- **STORED DATA**

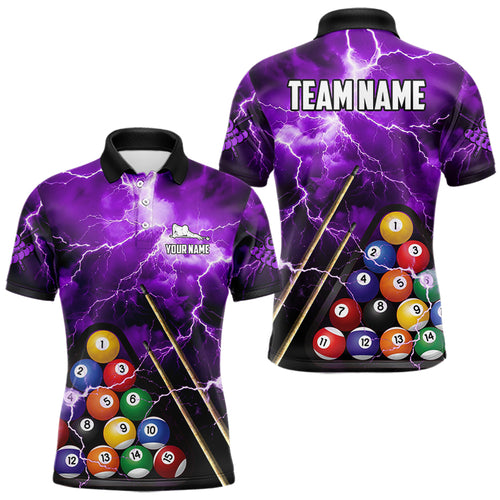 Personalized 3D Pool Ball Thunder Lightning Purple Billiard Shirts For Men, 8 Ball Billiard Jerseys TDM3715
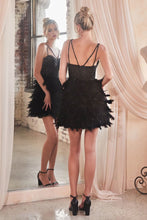 CD CD0224 - Short Feathered Homecoming Evening Cocktail Dress with Sheer Beaded Bodice Homecoming Cinderella Divine   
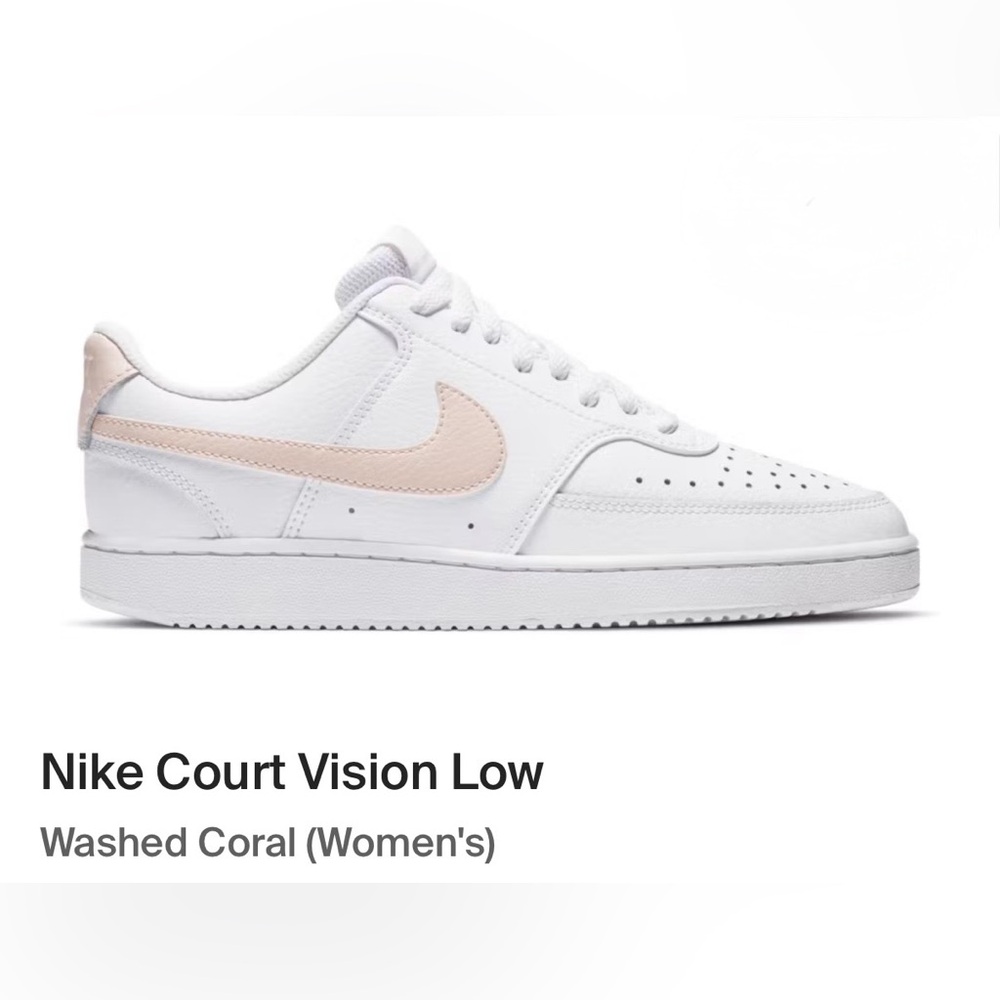 Nike Women's Court Vision Low - White and Coral Sneakers
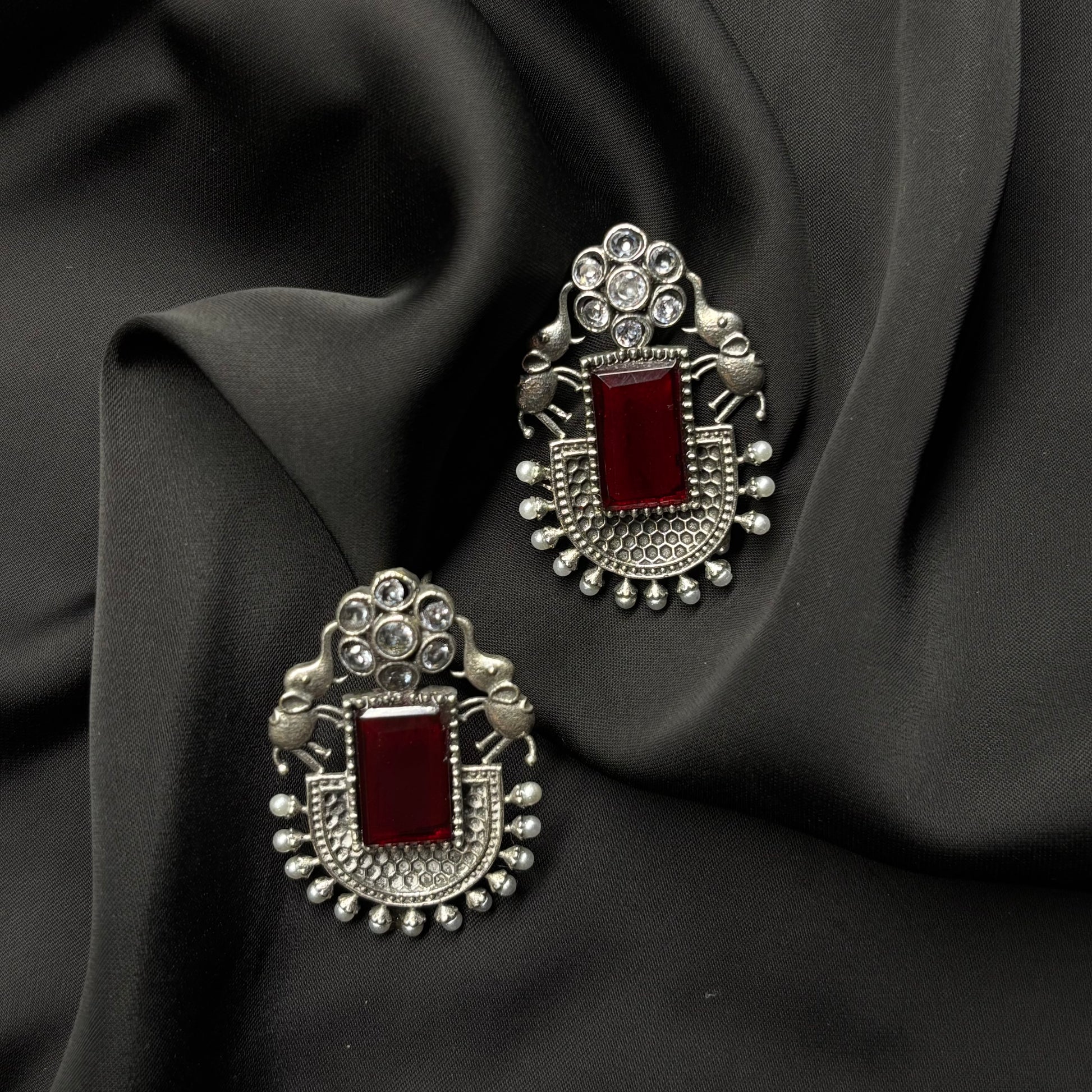 Oxidised German Silver Earrings with Dark Red Stone & Elephant Motif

- **WORK TO COMPLETE**
Restate all of the material above word for word, excluding the pictures.

- **SOLUTION FOR THIS EXERCISE**
 Personalized 3D Pool Ball Thunder Lightning Purple Billiard Shirts For Men, 8 Ball Billiard Jerseys TDM3715
 CD CD0224 - Short Feathered Homecoming Evening Cocktail Dress with Sheer Beaded Bodice Homecoming Cinderella Divine   
 Nike Women's Court Vision Low - White and Coral Sneakers
 Oxidised German Silver Earrings with Dark Red Stone & Elephant Motif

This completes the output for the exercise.